> [Goal of the exercise] Leave out every picture, then transcribe the rest of the listing exactly.

> [Given material]
====================

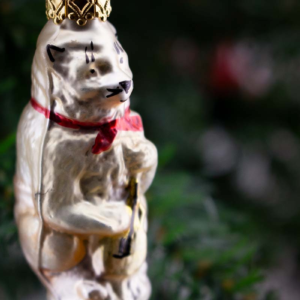 Cat with Fiddle, Vintage Old World Glass Christmas Ornament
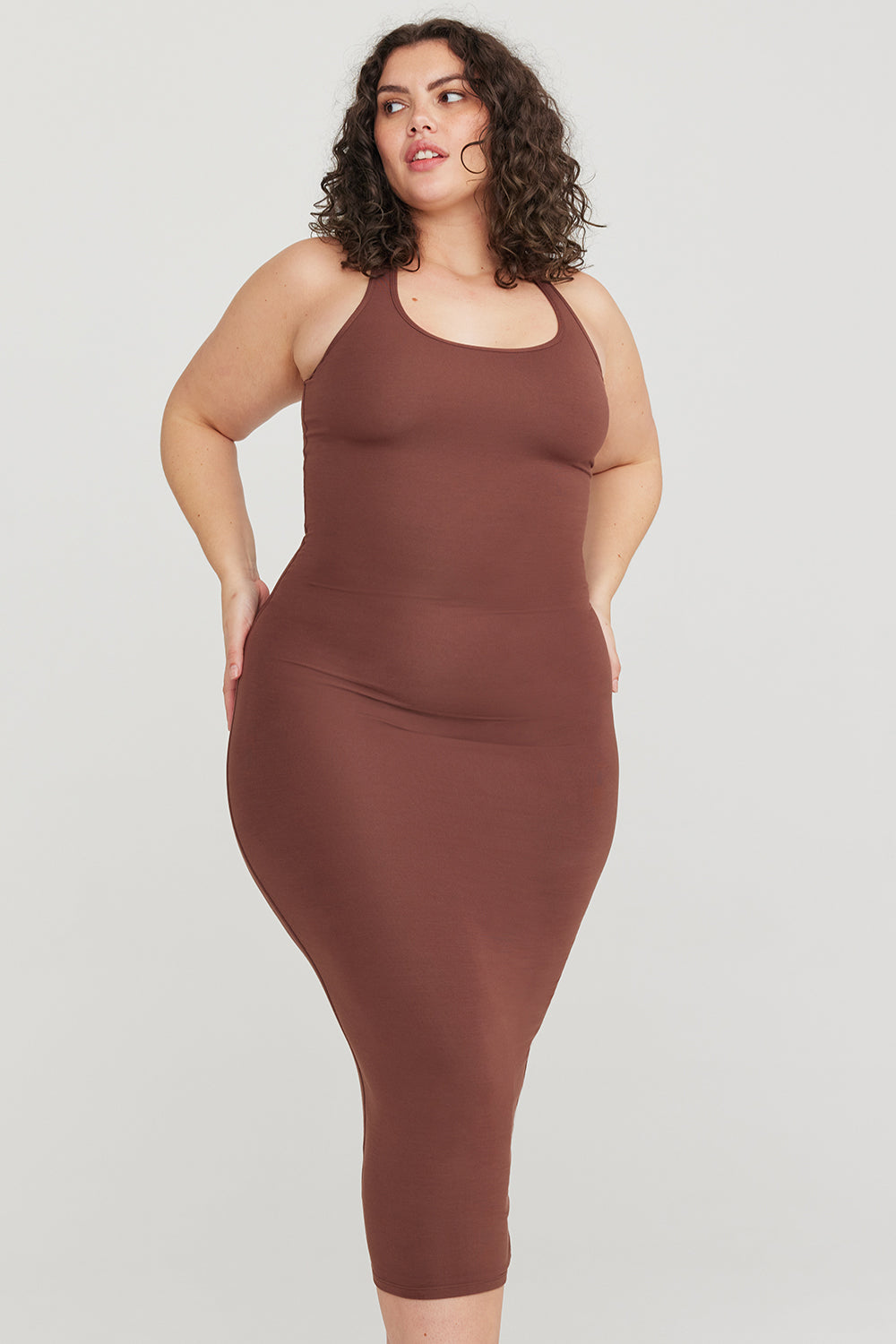 365 Racerback Bodycon Maxi Dress - Chocolate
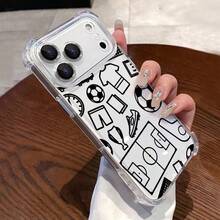 1pc New Minimalist Football Pattern Anti-Fall Painted Transparent TPU Protective Case Compatible With Apple Series, Series, 17, 16 Plus, 16 Pro Max, 16 Pro/11, 15 Pro Max, 14 Pro Max, Galaxy, SAM, C15, Hot30i, Note 14 - Clear - View 1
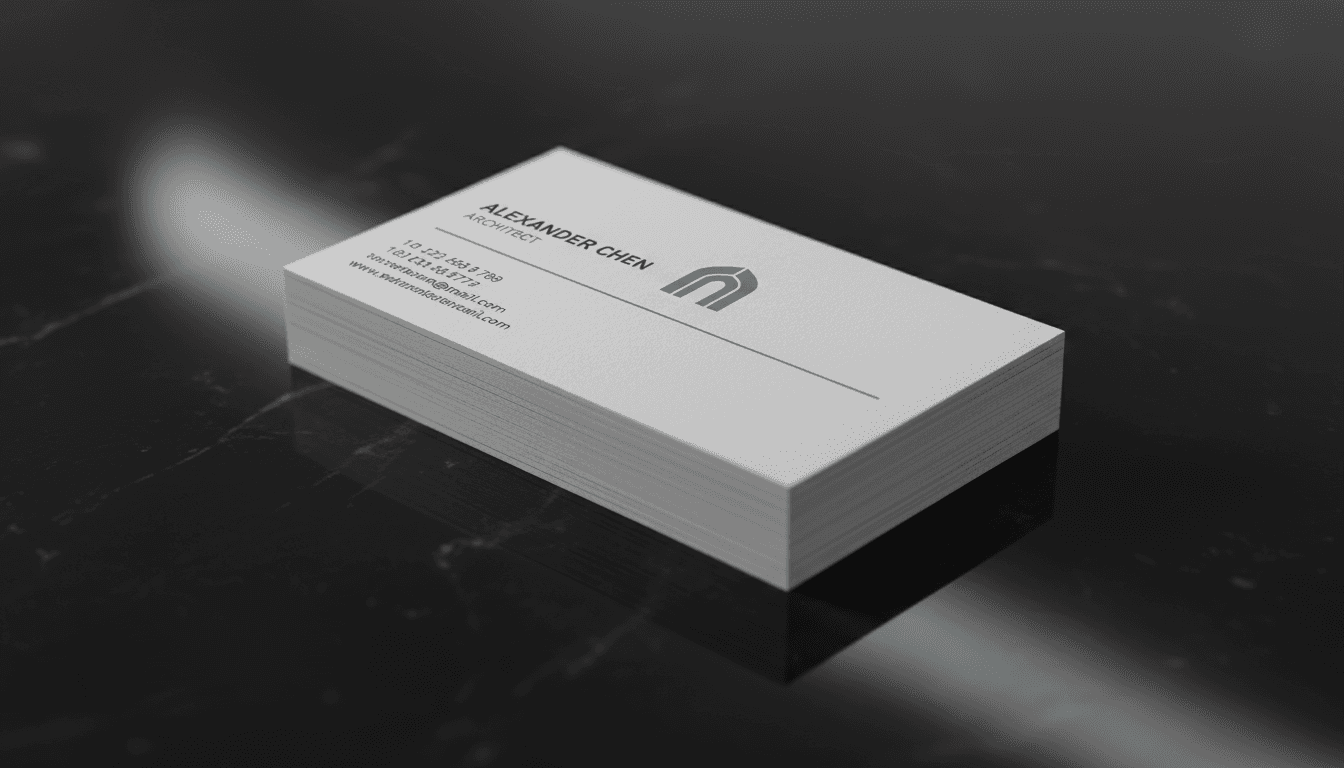 어두운 광택 표면 위에 깔끔하게 쌓여 있는 전문적인 명함 목업.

====================

> [Task solution]
 Cat with Fiddle, Vintage Old World Glass Christmas Ornament
 365 Racerback Bodycon Maxi Dress - Chocolate
 1pc New Minimalist Football Pattern Anti-Fall Painted Transparent TPU Protective Case Compatible With Apple Series, Series, 17, 16 Plus, 16 Pro Max, 16 Pro/11, 15 Pro Max, 14 Pro Max, Galaxy, SAM, C15, Hot30i, Note 14 - Clear - View 1
 어두운 광택 표면 위에 깔끔하게 쌓여 있는 전문적인 명함 목업.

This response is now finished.